The following morning I packed to leave. My boat to Ko Lipe was leaving in a few hours and I thought I'd pay up and get some lunch before departing. I asked the Japanese lady where her husband was and she told me he’d been ill all night with a bloated stomach and gas. “He's gone out to buy lots of drinking water. A guest here, an English lady, told him that he needs to drink lots of water - only water - and rest. He went to get extra water immediately. He listened to her. I could have told him the same thing, but then he would say, 'what do you bloody know? You just tell me that so you don't have to cook for me anymore.'” She shook her head with a resigned look as if to say, "What can I do?" I smiled, perhaps inappropriately. At that point, her ragged, silver-haired husband burst through the gate. He was clearly in some discomfort, groaning and clutching his stomach with one hand, the other carrying a shopping bag full of water bottles. I had to suppress an even broader smile. The scene was comical to me. “This woman is trying to kill me,” he blurted out, his hand leaving his stomach momentarily to gesture towards his wife. “This is all because of the cashew nuts she gave me last night. One bag full of cashew nuts. She didn't warn me not to mix the cashew nuts with whiskey and now look at me. What is she good for?” I thanked both of them, paid and left.
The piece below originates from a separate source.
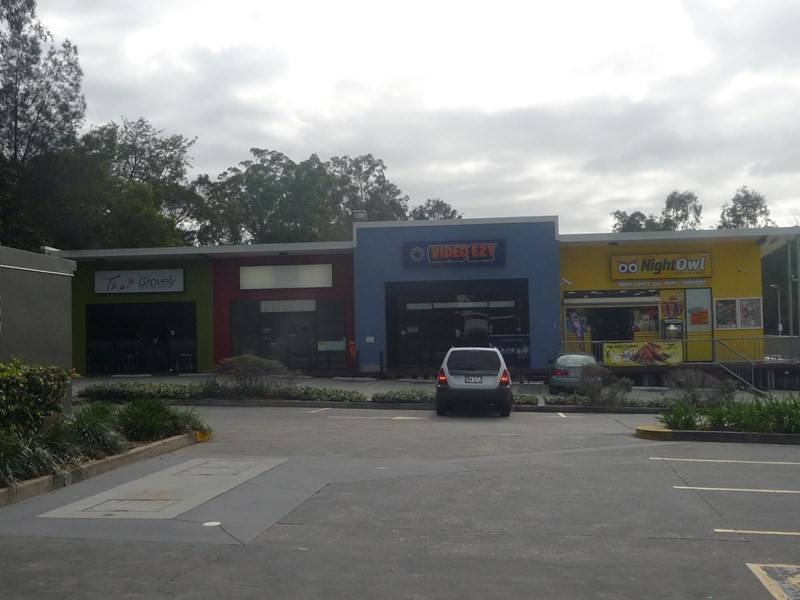 Keperra QLD 4054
I took my lunch at a bustling budget restaurant. This place, oddly called Tomato, was packed with hungry diners day and night. I sat at my table and ordered. The food arrived in no time. While I was eating, a man passed by my table from behind, his back to me. He was limping. It was a bad limp and several other customers were staring at him. He looked strangely familiar. It was only when he turned slightly that I recognized him. It was the bad-tempered man from the aisle seat on my flight from Cape Town. What a coincidence that he was also here in Langkawi. He approached a table with three young women sitting at it. This surprised me even more. The women were chattering away in the local language, Malay, smiling and giggling. They looked like a group of friends who hadn't seen each other for a while and had lots of storytelling and gossiping to do. The airplane man sat down next to one of the women. They were a couple. This was obvious from the way she grasped his hand, touched him and spoke to him. I kept watching, intrigued, and realized a few seconds later that I recognized her too. It was Lily. I carried on staring, my mind trying to make sense of the situation; trying to square what she'd told me on the flight with what I was seeing; trying to understand how the man neither of us had spoken to on the plane could fit into this scenario. Suddenly, Lily's eyes caught mine. She held my stare for a moment, clearly recognizing me too, but showed no emotion. I looked down, embarrassed. Without missing a beat, Lily reverted to the animated conversation at her table. I felt deflated and foolish. I got my bill, paid and left.

The boat from Langkawi to Ko Lipe was fast. Too fast. It leapt over the hefty swell and banged hard onto the water's surface through much of the trip. There were only 5 passengers, including myself, on board. Everyone looked a bit queasy and there was no conversation among any of us to begin with. As we neared our destination, the sea became calmer and the boat slowed down a notch or two. Color returned to all our faces, and the sight of the beautiful island before us perked everyone up. A young couple made their way to an outside section at the front of the boat. I followed. Standing beside the couple at the boat's bow, I asked the obligatory question of where they came from. “From Holland and you?” the boyfriend answered and asked. I told them I was South African. I said I was on a much needed short break from work. “Tell me about it,” he said.
“Stressed out huh? What do you do back in Holland?” He looked me straight in the eye and said, “I'm in computers.” I thought I saw his girlfriend standing next to him wink at me, but I wouldn't swear to it.